_INSTRUCTIONS FOR THE TASK_
Below are records; extract exactly the lines from the one with "Periodistas protestan para" through the final line, including both, but drop the pictures.

******

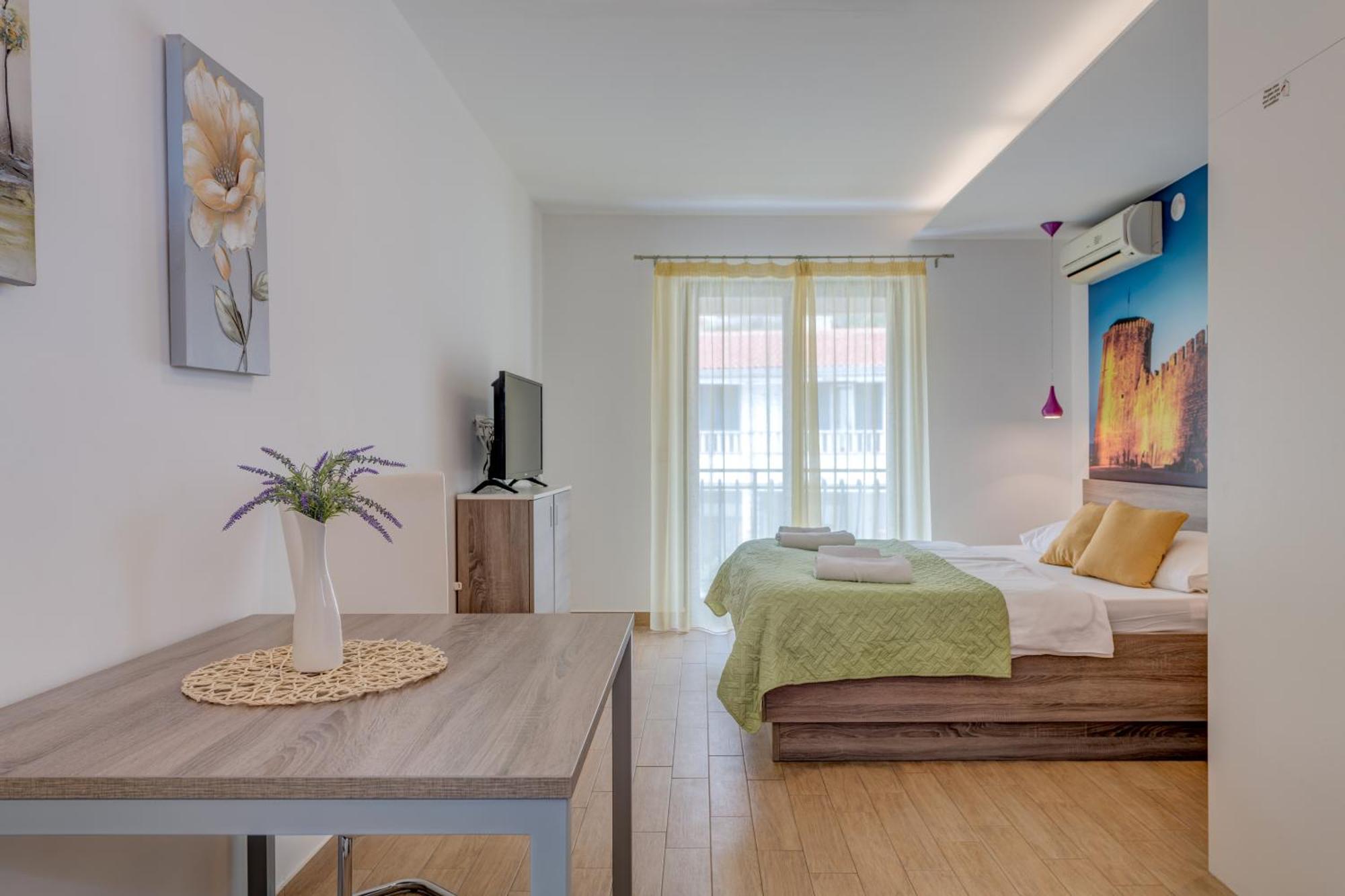 Apartments G Trogir Oda fotoğraf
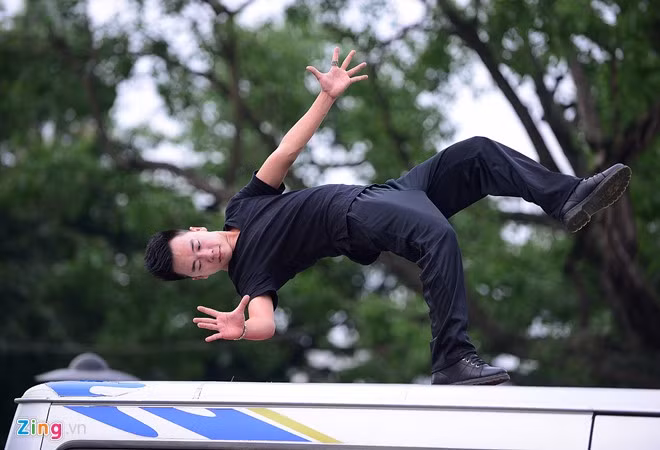 Ảo thuật gia khua tay xuống phía dưới để mọi người biết không có vật gì đỡ.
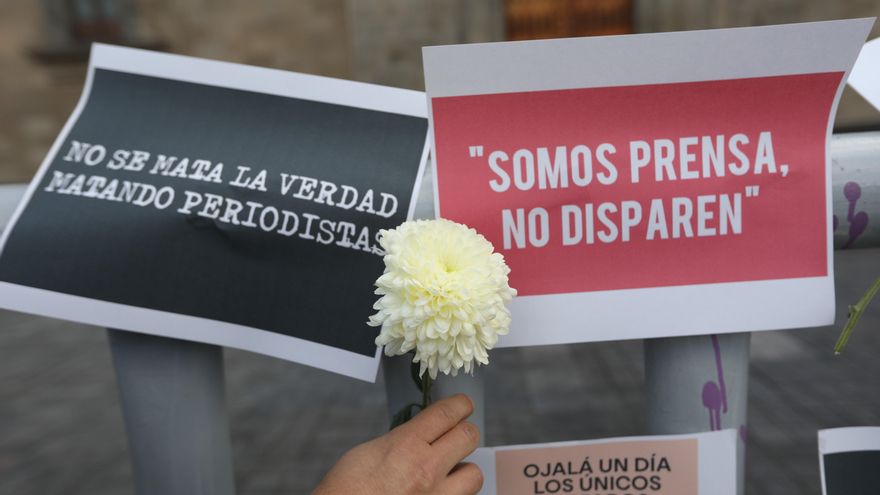 Periodistas protestan para pedir justicia por la muerte de compañeros de profesión asesinadosen Ciudad de México. 
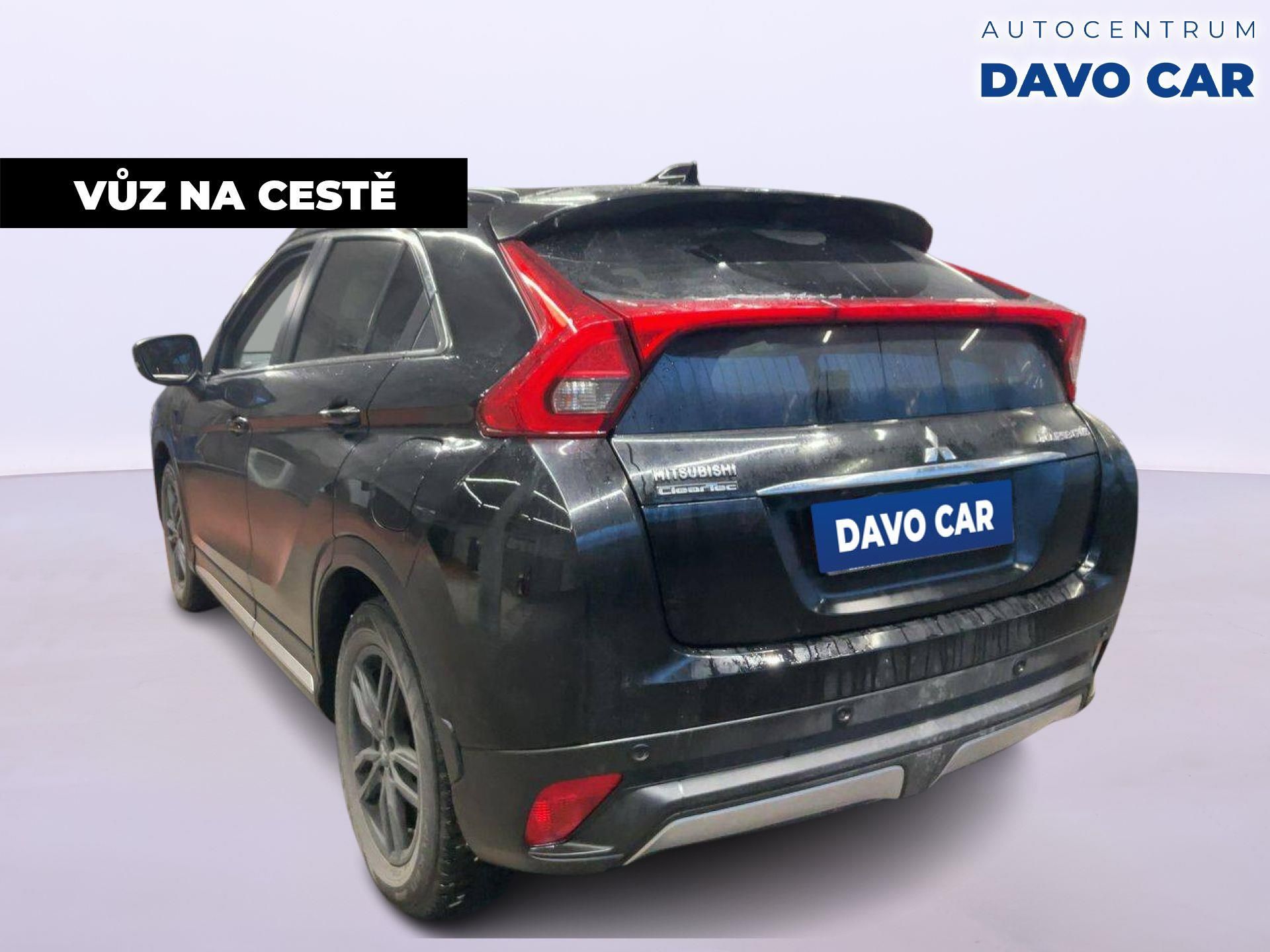 Mitsubishi Eclipse Cross, 1,5 T-MIVEC 120kW Aut. Kůže - fotka 3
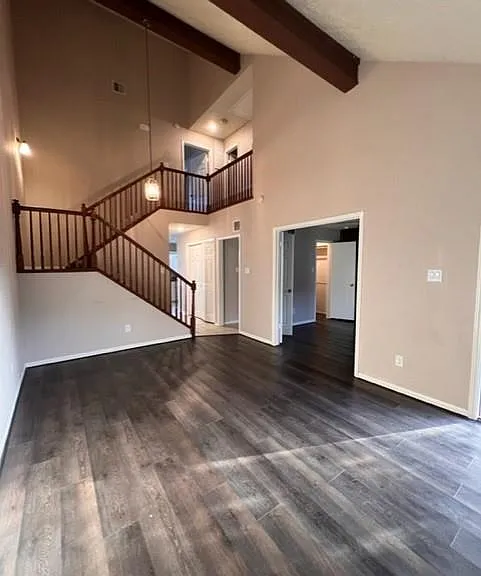 3010 Bee Cave Dr — Photo 1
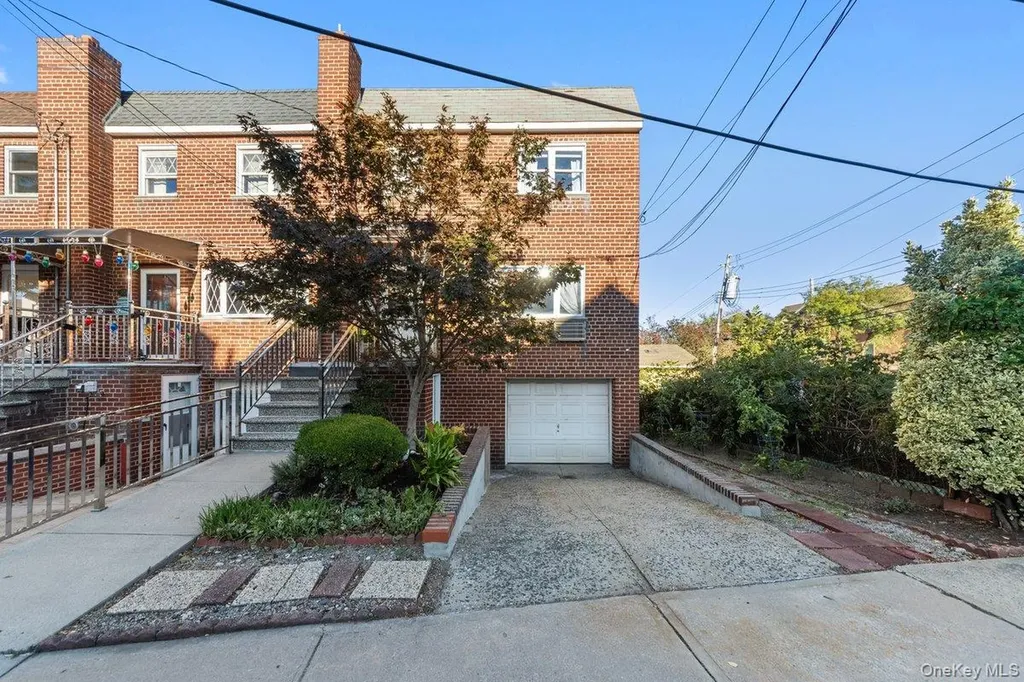 902 Dean Avenue Bronx NY 10465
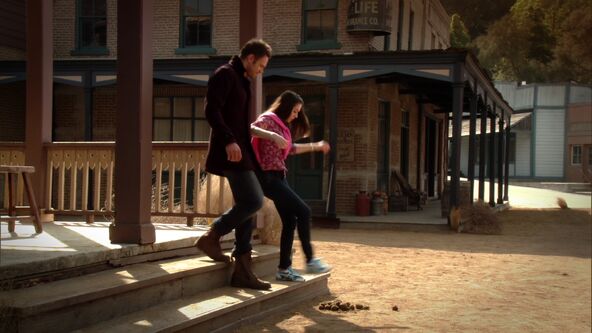 File:2X22 Jeff Annie dog poop.jpg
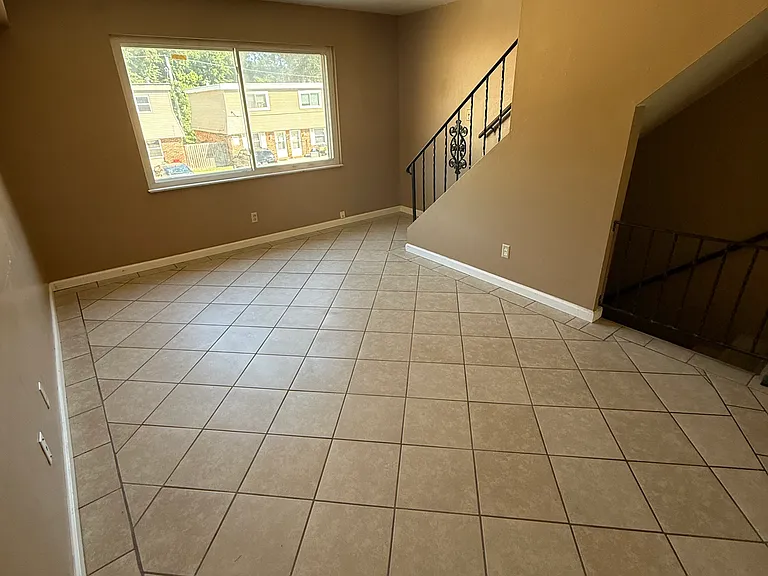 Crosswinds Dr — Photo 4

******

_RESPONSE AREA_
 Periodistas protestan para pedir justicia por la muerte de compañeros de profesión asesinadosen Ciudad de México. 
 Mitsubishi Eclipse Cross, 1,5 T-MIVEC 120kW Aut. Kůže - fotka 3
 3010 Bee Cave Dr — Photo 1
 902 Dean Avenue Bronx NY 10465
 File:2X22 Jeff Annie dog poop.jpg
 Crosswinds Dr — Photo 4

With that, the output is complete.